In 2001, he contributed ‘Raising the Past’, the only one of his recent pieces of writing that is not about medicine, to a book about Toynbee Hall, the University Settlement (Walker 2001).

In 1998 Walker wrote his first article criticising Richard Doll, an epidemiologist who has defended industries against claims that they are causing cancer (Walker 1998). Walker’s work about Doll came to a head with 'Company Men Part One: Sir Richard Doll, Death, Dioxin and PVC' (2005). This essay revealed that Doll had received consultancy fees from Monsanto. Walker’s most recent contribution to what has become an ongoing debate about conflict of interests in academia, was as second author to a peer-reviewed paper in the American Journal of Industrial Medicine (Hardell et al 2007).

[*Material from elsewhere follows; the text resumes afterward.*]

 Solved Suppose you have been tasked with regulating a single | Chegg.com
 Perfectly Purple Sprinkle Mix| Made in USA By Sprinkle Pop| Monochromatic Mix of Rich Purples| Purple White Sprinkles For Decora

Although Walker has had little involvement in writing for television or film, over the years between 2002 and 2007 he was an adviser to the legal drama series Judge John Deed at the invitation of Gordon Newman, the writer and producer of the series, and credited as such in each episode. In 1999 he got involved with the film-maker Alan Golding on a film, still in progress, about a Welsh herbalist who claimed to cure cancer.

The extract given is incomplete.